Europe flood death toll reaches 180
German chancellor sees 'surreal' wreckage, promises quick aid to rebuild
A resident monitors the flood waters from his garden in the village of Well following heavy rainfall and flooding in North Limburg of the Netherlands.–AFP
Chancellor Angela Merkel said Sunday that she was horrified by the "surreal" devastation in the flood-ravaged region of Germany as the toll in western Europe reached 184.
Wearing hiking boots and offering pandemic-safe fist bumps to rescue workers, the veteran leader walked through the village of Schuld in Rhineland-Palatinate state, one of the two hardest-hit regions in western Germany.
Merkel, who is retiring from politics after September's elections, listened to the accounts of residents where the swollen Ahr river swept away houses and left debris piled high in the streets.
"It is a surreal, eerie situation," a Merkel told reporters, as she pledged quick aid to rebuild. "It is shocking – I can almost say that the German language doesn't have words for the destruction that's been wreaked," she added.
At least 157 people have died since Wednesday in Germany's worst flooding in living memory, police said. In Rhineland-Palatinate state alone, authorities reported 110 dead and 670 injured. At least 27 people have lost their lives in neighbouring Belgium.
Rescue crews were sifting through rubble to find victims and survivors, often in dangerous conditions. Police deployed speedboats and divers to recover bodies swept away in the torrents.
Historic heavy rainfall also battered Switzerland, Luxembourg and the Netherlands. As the waters began to recede in Rhineland-Palatinate and neighbouring North-Rhine Westphalia (NRW), concern shifted south to Germany's Upper Bavaria region, where torrential rains inundated basements and led rivers and creeks late Saturday to burst their banks.
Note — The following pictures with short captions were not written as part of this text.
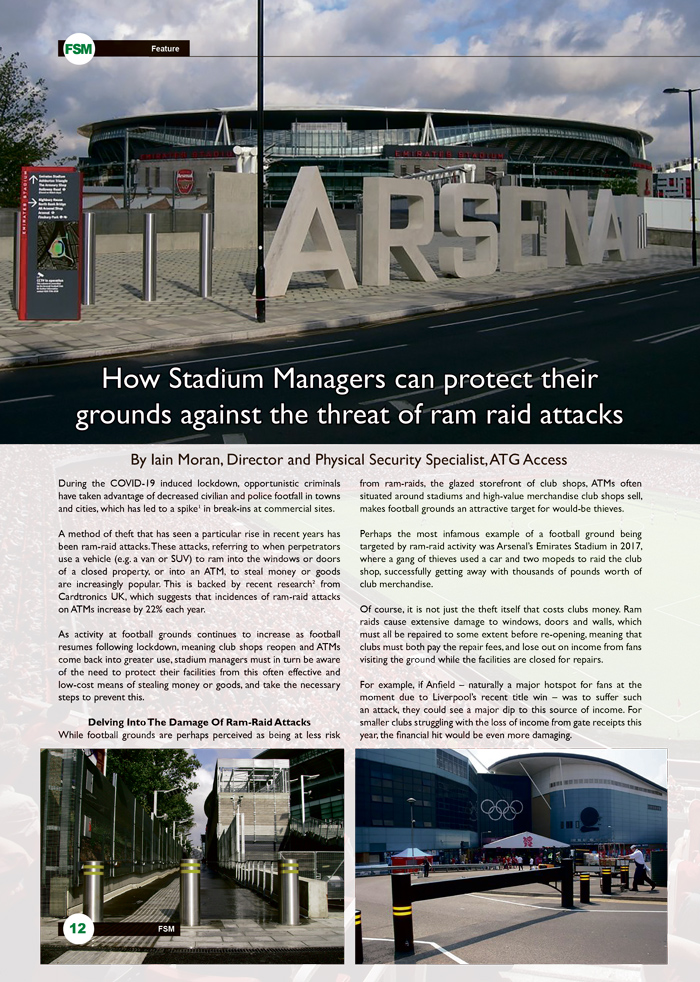 How Stadium Managers Can Protect Their Grounds Against The Threat Of Ram Raid Attacks page 1
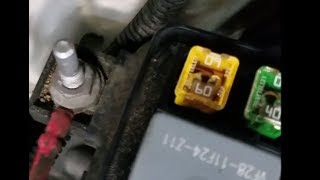 How to fix ChevyGM Electronic Power Steering blown fuse [upl. by Etteneg]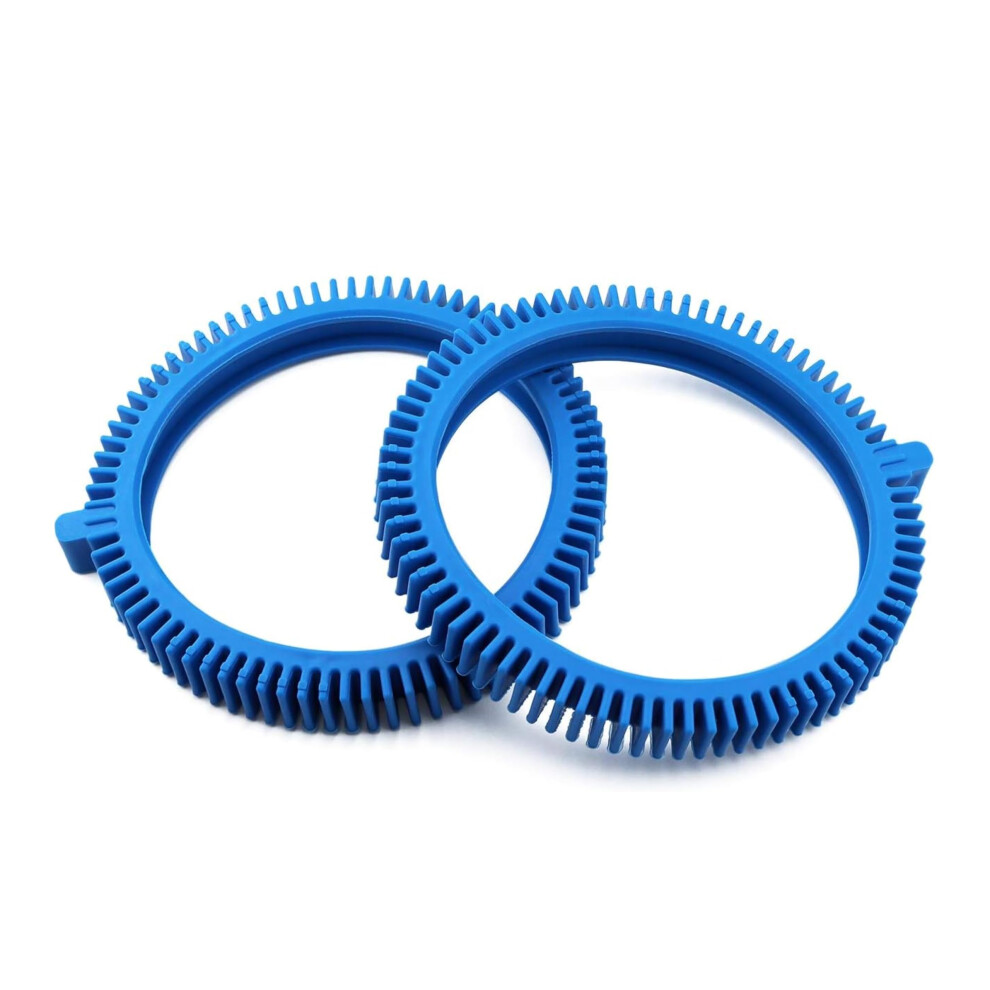 Pool Cleaner Tires Kit For Hayward Aquanaut 2X 4X With Super Hump Design, Easy Snap Installation Blue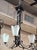 French Art Deco, 3 lights newly rewired chandelier with 3 glass frosted globes. Excellent condition — This lights has no...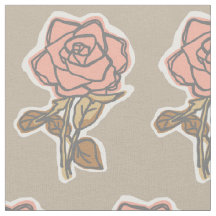 Robe florale taupe en impression de rose rose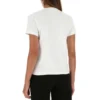 Tricou din bumbac cu imprimeu, mânecă scurtă, alb 612964TJVD69000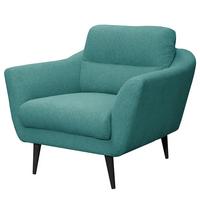 Sessel Tromso Türkis B: 92 Cm - Türkis/Schwarz, Design, Textil (92/87/88cm) - Livetastic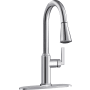 PROFLO Pixley 1.8 GPM Single Hole Pull Down Kitchen Faucet - Includes Escutcheon Chrome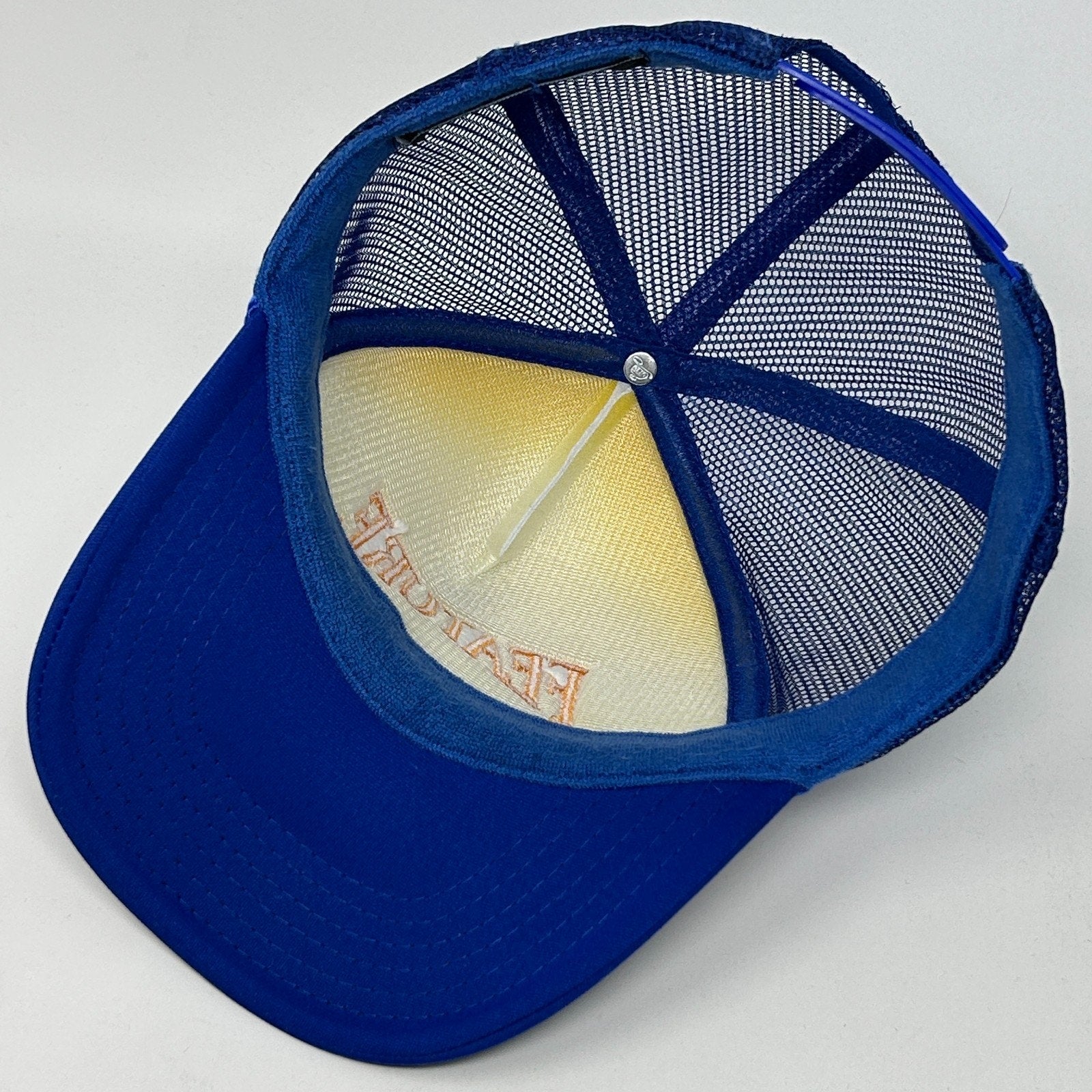 Feature Trucker Hat Baseball Cap Streetwear Sneaker Culture Mesh Snapback Blue - Neon Vintage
One person died in Berchtesgadener Land, a spokeswoman for the Bavarian district said. In the eastern state of Saxony, authorities reported a "significant risk situation" in several villages. In Austria, emergency workers in the Salzburg and Tyrol regions were on high alert for flooding. The scenic town of Hallein suffered severe damage after its streets were submerged. Pope Francis expressed his "nearness" to the people of the stricken regions.
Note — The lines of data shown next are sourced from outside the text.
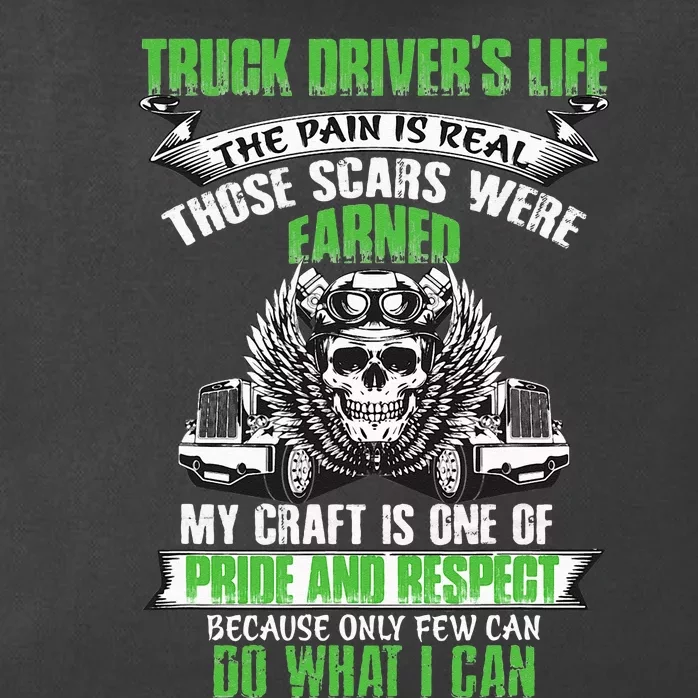 Truck Driver Funny Trucker Worker Truck Driving Zip Tote Bag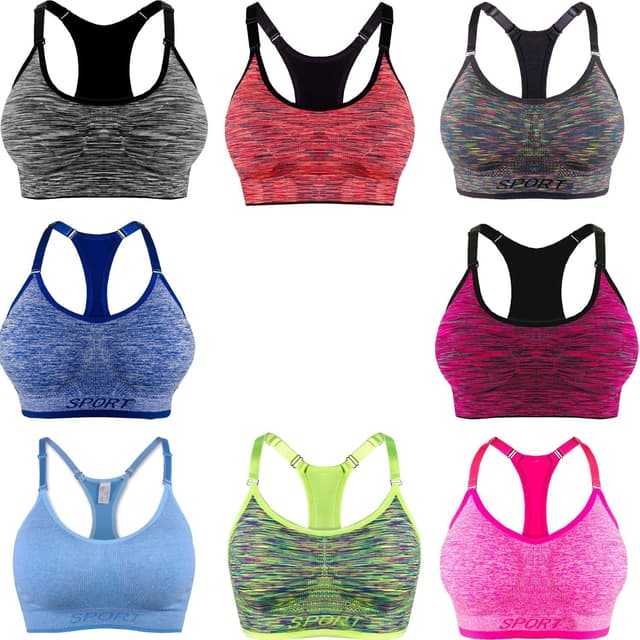 Detalle de Libella Reggiseno push up sportivo push-up bustier con sostegno forte 3714 (fitness top, imbottito)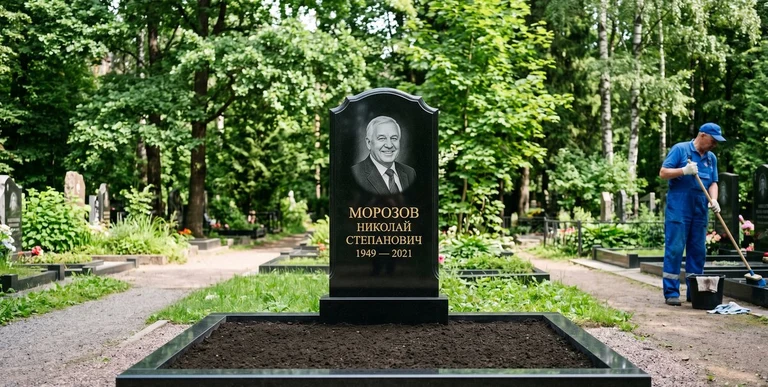 Уборка могил на кладбище в Екатеринбурге — наведение порядка, мойка памятника, благоустройство участка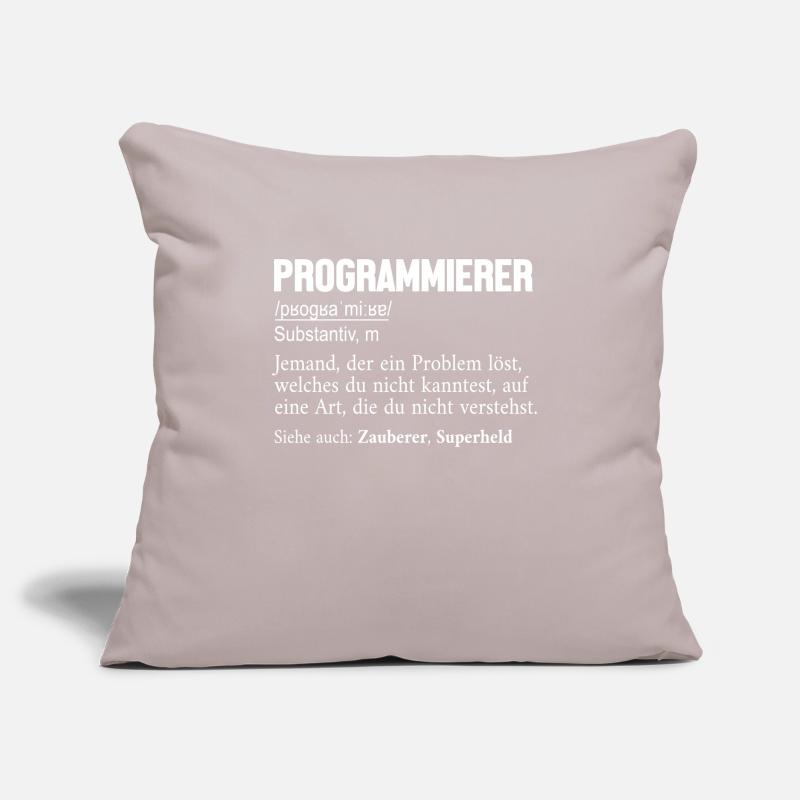 Programmierer Definition Developer Coder Sofakissenbezug 45 x 45 cm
"May the Lord welcome the deceased and comfort their loved ones, may he sustain the efforts of everyone who are helping those who have suffered serious damage," he said Sunday. German Finance Minister Olaf Scholz pledged more than 300 million euros ($354 million) in emergency aid for people who lost homes and businesses, with the cabinet to approve a much larger reconstruction package.
The disaster has increasingly taken on political overtones in Germany, which heads to the polls on September 26 for a general election that will mark the end of Merkel's 16 years in power.
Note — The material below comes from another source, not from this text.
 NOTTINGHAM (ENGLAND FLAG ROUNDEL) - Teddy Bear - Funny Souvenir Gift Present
Fight against global warming
With experts saying climate change is making extreme weather events more likely, Merkel said the world "must hurry" in the fight against global warming. "We have to be faster in the fight against climate change."
Armin Laschet, the premier of hard-hit North-Rhine Westphalia (NRW) state and frontrunner in the race, has said efforts to tackle global warming should be "speeded up". But Laschet scored an own goal Saturday when he was filmed laughing in the devastated town of Erftstadt in NRW, where a landslide was triggered by the floods.
In the footage, Laschet could be seen chatting and joking in the background as President Frank-Walter Steinmeier gave a statement expressing his sympathies to grieving families. "Laschet laughs while the country cries," wrote the top-selling Bild daily. Laschet later apologised on Twitter for the "inappropriate" moment.
The scale of the flood impact was gradually becoming clear in Germany, with damaged buildings being assessed, some of which will have to be demolished, and efforts under way to restore gas, electricity and telephone services.
In some areas, soldiers used armoured vehicles to clear the debris clogging streets. Local authorities in NRW and Rhineland-Palatinate said dozens of people remain unaccounted for across both states, possibly due to communication disruptions.
Across the border in Belgium, the death toll rose to 27 with many people still missing. European Commission President Ursula von der Leyen and Prime Minister Alexander de Croo visited the flooded areas of Rochefort and Pepinster together on Saturday. "Europe is with you," von der Leyen tweeted afterwards. "We are with you in mourning and we will be with you in rebuilding."